Só os portugueses lhe chamam Salazar


Espátula, raspador, raspadeira, rapa-tudo, rapa-tachos. Por vários nomes responde esta pá, mas nenhum nos traz tantas memórias como «salazar». E esse leva-nos de volta a outros tempos de crise e escassez.

Utensílio de serventia comprovada nas casas portuguesas, o nosso melhor salazar é feito de pinho ascético e borracha sinuosa, materiais que conservarão melhor as suas qualidades se forem lavados à mão. Outra coisa não se recomenda a um objecto que ainda hoje se rebela contra a era da máquina, afirmando-se como puro artesanato e não carecendo de outra energia senão a do corpo humano.
Nesse aspecto, o salazar é e será sempre um resistente, avesso á industrialização e ao consumismo – tal como o homem que, sem querer, o baptizou. «Devo à Providência a graça de ser pobre», disse enquanto geria com rigor draconiano a economia do país.

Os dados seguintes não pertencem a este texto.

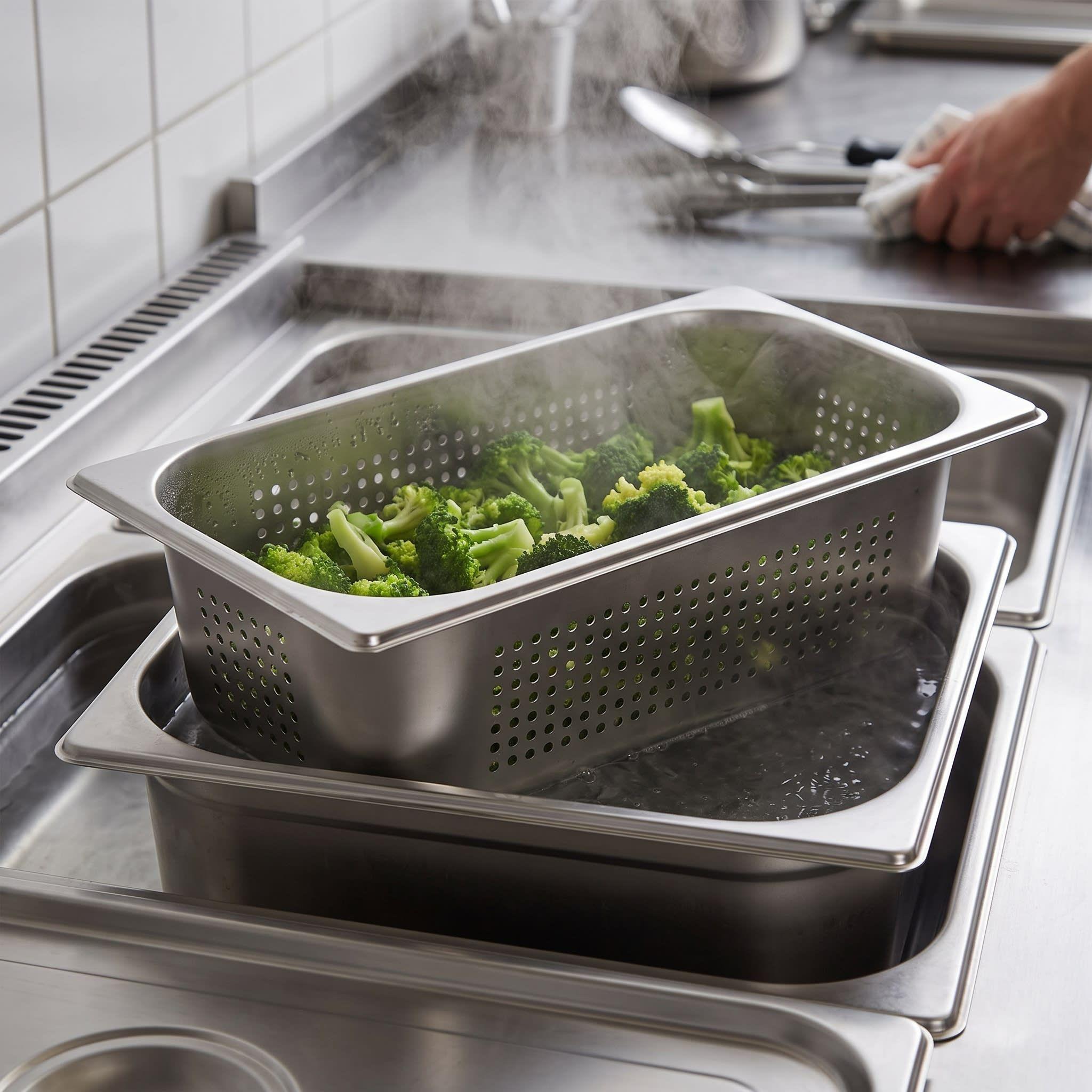 Pack 6 Depositos Gastro GN 1/3x 100 mm Acero Inox PERFORADO-2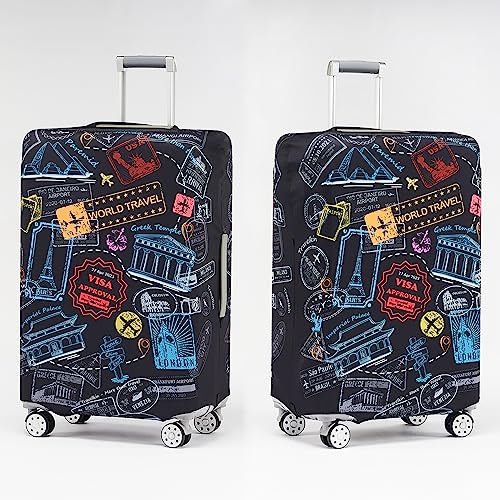Travelkin Luggage Covers For Suitcase Tsa Approved Suitcase Cover Protector (World Marks-Colorful / XL)
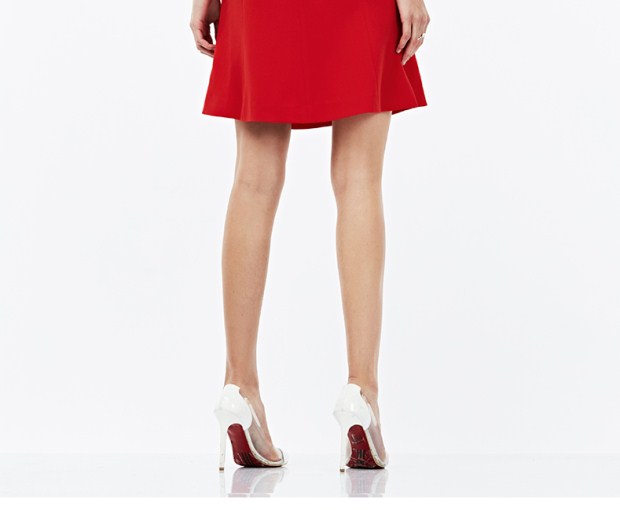 YINER音儿 2017夏季新款 红色钉珠镂空优雅礼服连衣裙8237205150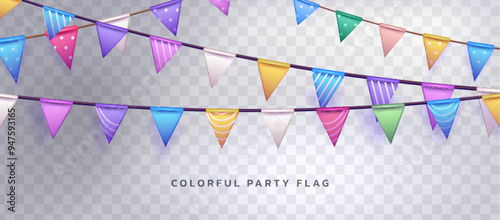Triangle flag garland for birthday party vector. Festive bunting pennant decor element for celebrate holiday. Triangular paper string decoration for anniversary or jubilee. Summer fest ribbon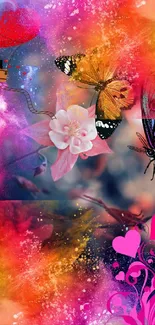 Colorful wallpaper with butterflies and hearts on a vibrant background.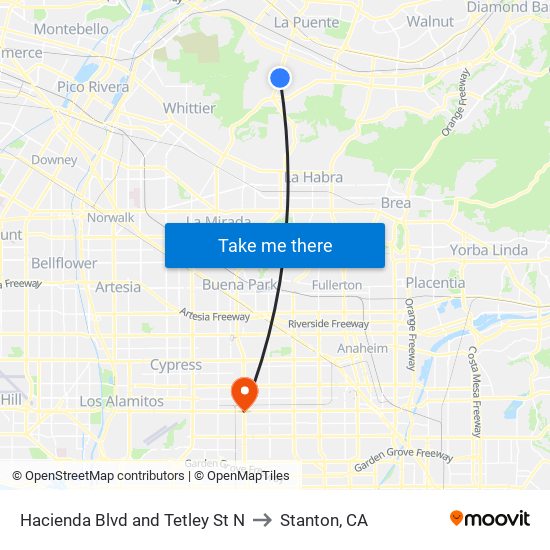 Hacienda Blvd and Tetley St N to Stanton, CA map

Na sua habilidade em chegar ao fundo dos tachos e das tijelas, extraindo o remanescente, o salazar é insuperável. É também, um símbolo da igualdade culinária, já que não faz distinção entre a massa exuberante de um soufflé de camarão e um prosaico pão-de-ló, a todos rapando com a mesma eficácia.
Inquirindo junto dos vivos, há quem ainda se lembre dele talhado somente em madeira, com a parte aplanada fina. Hoje conhecemo-lo com o toque do plástico ou do silicone, banalidade compensada por muitas cores e eventual design que não chegam para fazer esquecer o genuíno salazar que figura na foto.

Fabricado por uma empresa familiar do Porto, passou para a loja Vida Portuguesa e daí para o Museum of Modern Art (MOMA) em Nova Iorque e Tóquio, exibe-se agora, ao lado da torradeira de alumínio ou da vassoura de palha, numa montra de produtos genuinamente portugueses.
Salazar que raramente saía do país e gostava das solas dos sapatos até se romperem, teria certamente achado tudo isto uma enorme falta de modéstia.